• To do: Begin at the line below that has "Stealth Shadow X". Stop after the line that has "Cover art for", repeating each line exactly and leaving out the pictures.

• Data shown:
+ + + + + + +

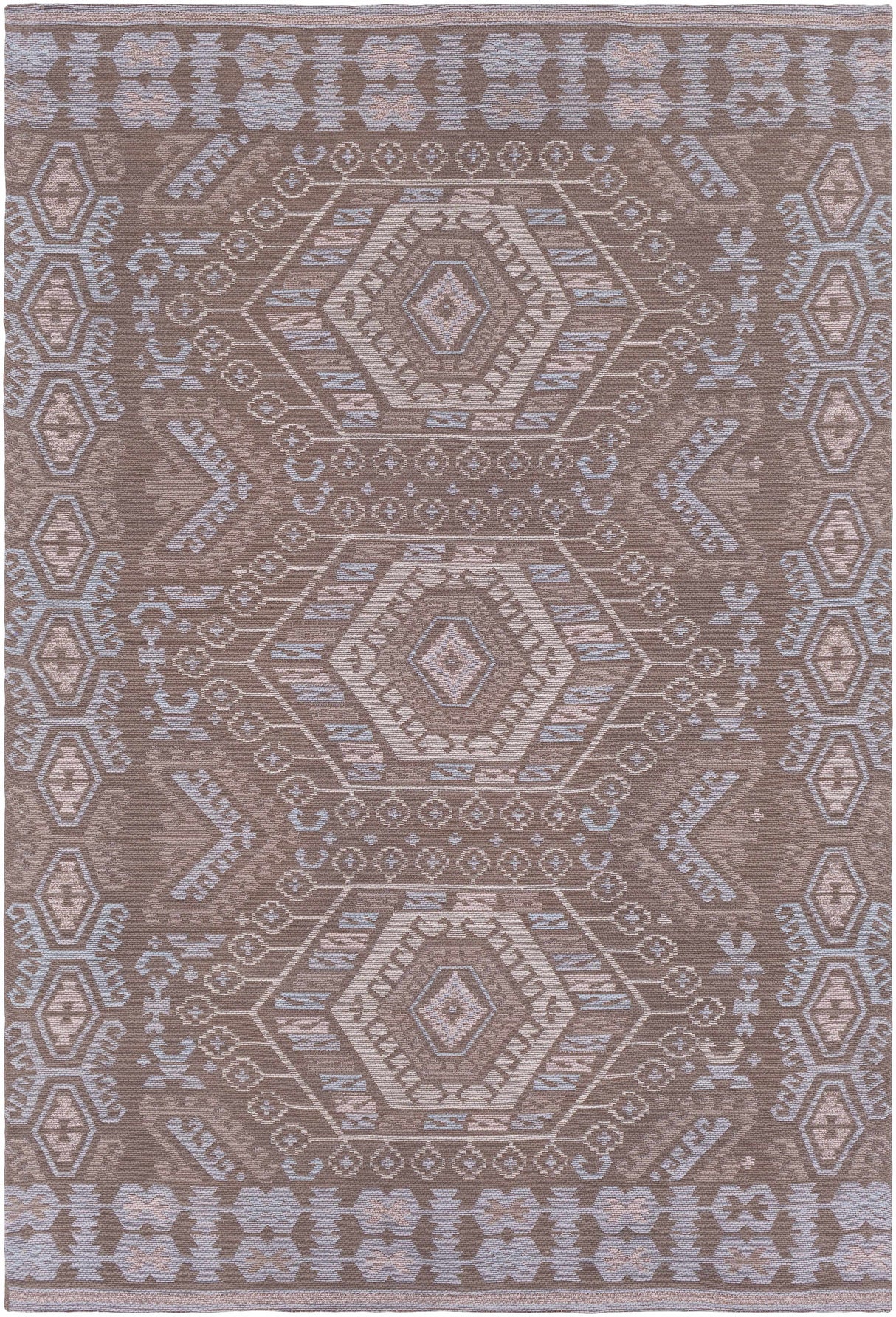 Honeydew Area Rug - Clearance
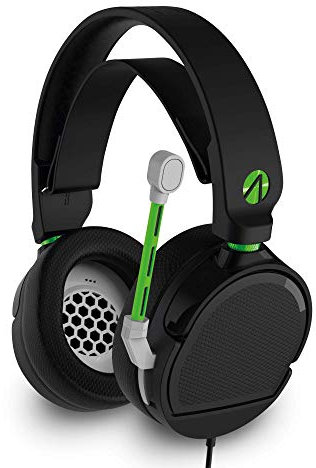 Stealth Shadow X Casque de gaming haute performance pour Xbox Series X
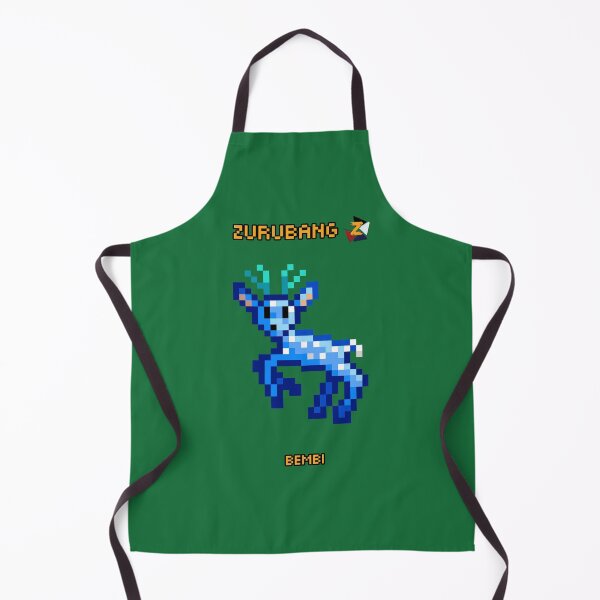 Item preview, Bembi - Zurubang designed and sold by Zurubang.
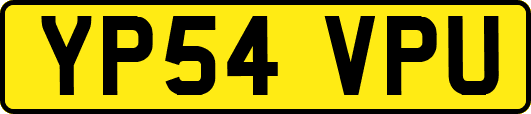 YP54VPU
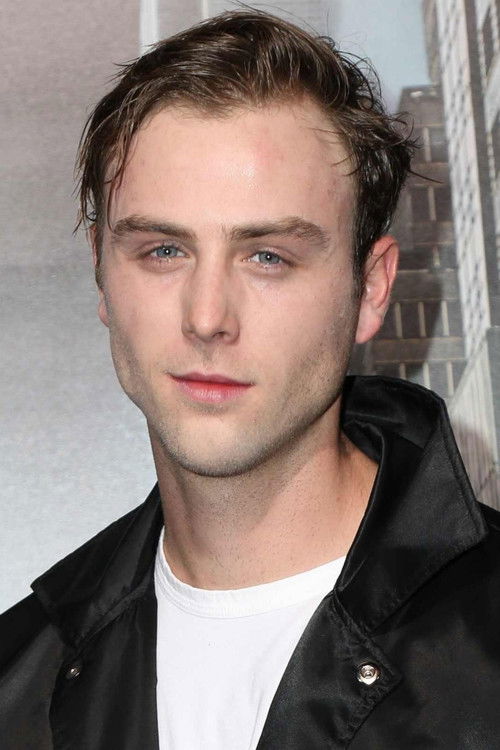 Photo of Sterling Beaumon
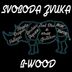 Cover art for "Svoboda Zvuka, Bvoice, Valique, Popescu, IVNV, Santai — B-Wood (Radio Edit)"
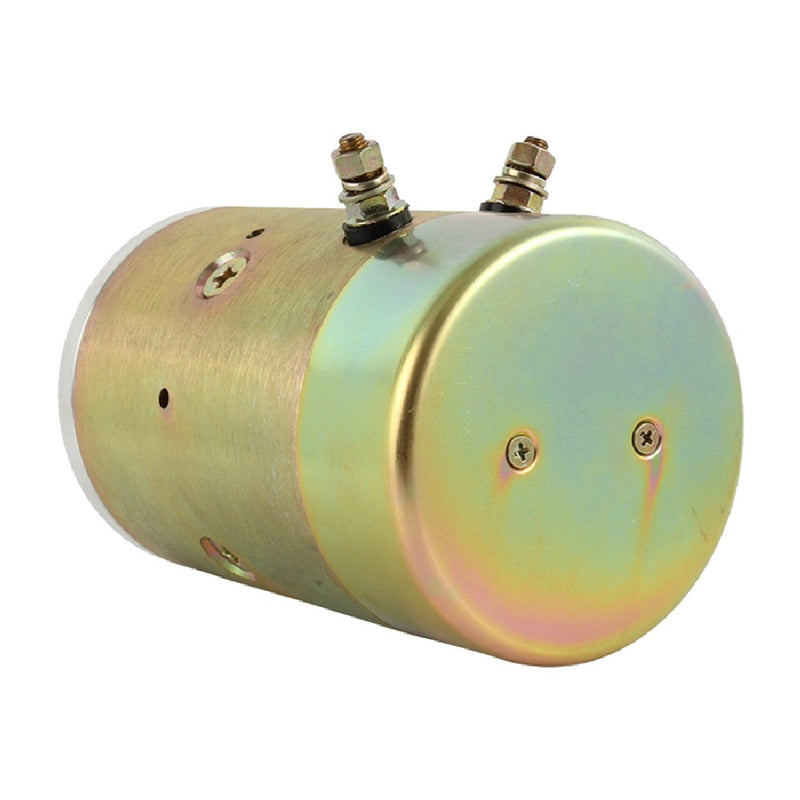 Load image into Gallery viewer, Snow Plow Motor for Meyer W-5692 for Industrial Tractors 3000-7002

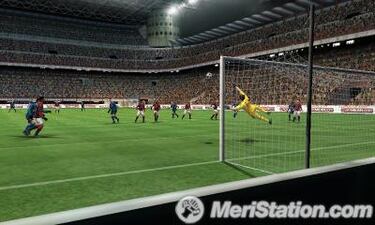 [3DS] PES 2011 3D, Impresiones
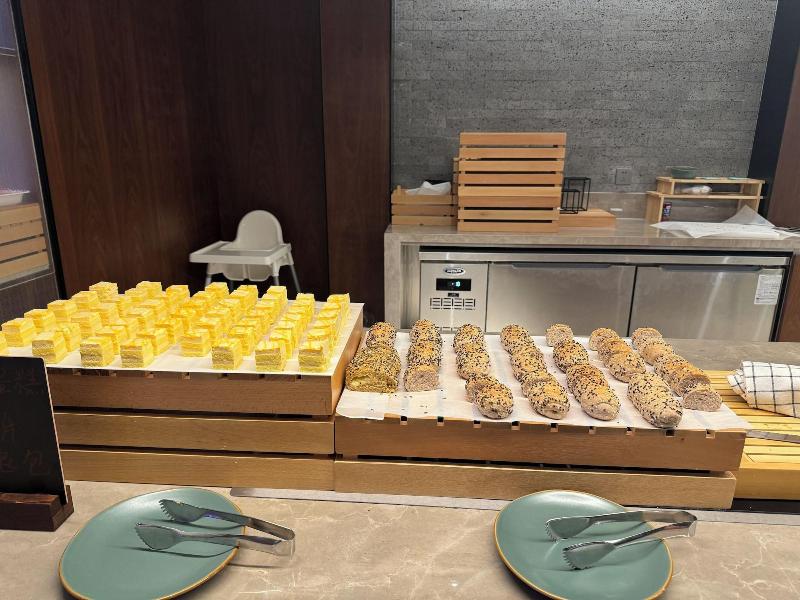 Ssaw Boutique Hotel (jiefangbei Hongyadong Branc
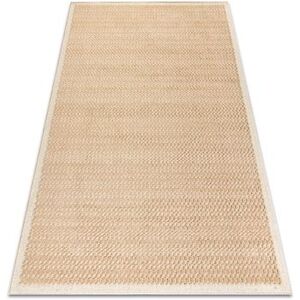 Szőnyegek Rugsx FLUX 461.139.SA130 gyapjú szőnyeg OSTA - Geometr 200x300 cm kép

+ + + + + + +

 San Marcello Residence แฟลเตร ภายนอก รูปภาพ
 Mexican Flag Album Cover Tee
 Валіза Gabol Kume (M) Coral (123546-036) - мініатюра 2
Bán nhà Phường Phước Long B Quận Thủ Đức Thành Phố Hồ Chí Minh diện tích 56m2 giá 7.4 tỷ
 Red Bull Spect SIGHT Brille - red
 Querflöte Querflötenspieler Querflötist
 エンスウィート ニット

+ + + + + + +

• Response below:
 Stealth Shadow X Casque de gaming haute performance pour Xbox Series X
 Item preview, Bembi - Zurubang designed and sold by Zurubang.
 YP54VPU
 Photo of Sterling Beaumon
 Cover art for "Svoboda Zvuka, Bvoice, Valique, Popescu, IVNV, Santai — B-Wood (Radio Edit)"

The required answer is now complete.